State the number of lines that hold "Design" in the records below, with no other words.

__The input__

'''

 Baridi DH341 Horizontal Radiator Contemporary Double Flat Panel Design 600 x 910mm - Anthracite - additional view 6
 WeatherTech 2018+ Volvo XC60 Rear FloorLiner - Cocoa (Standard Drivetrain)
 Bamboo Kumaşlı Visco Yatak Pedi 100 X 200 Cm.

'''
'''

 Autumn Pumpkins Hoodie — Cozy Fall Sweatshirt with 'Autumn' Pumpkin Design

'''
'''

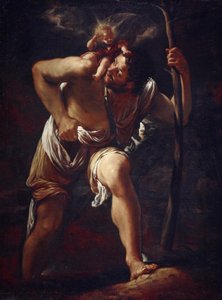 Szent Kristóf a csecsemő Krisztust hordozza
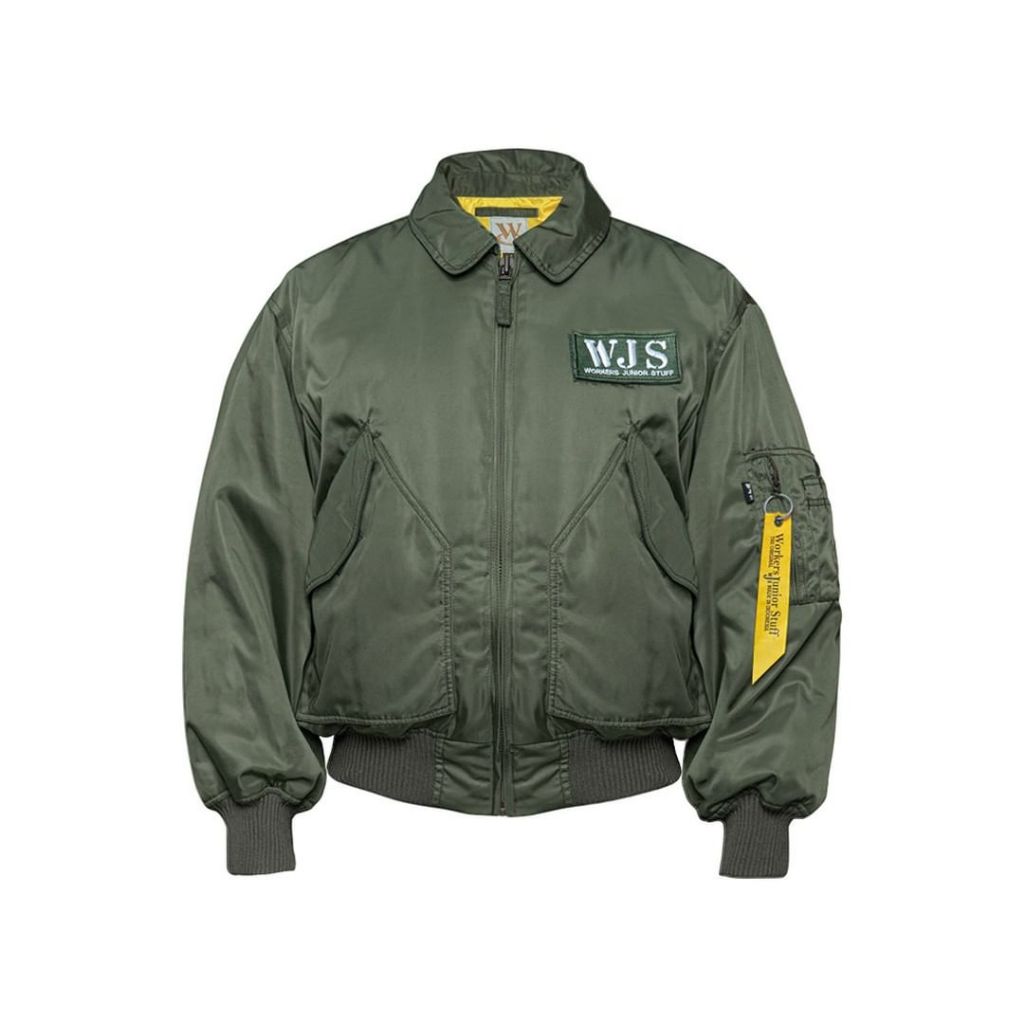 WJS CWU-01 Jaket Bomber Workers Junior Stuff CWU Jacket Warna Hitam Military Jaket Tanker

'''

__Reply to the exercise__
2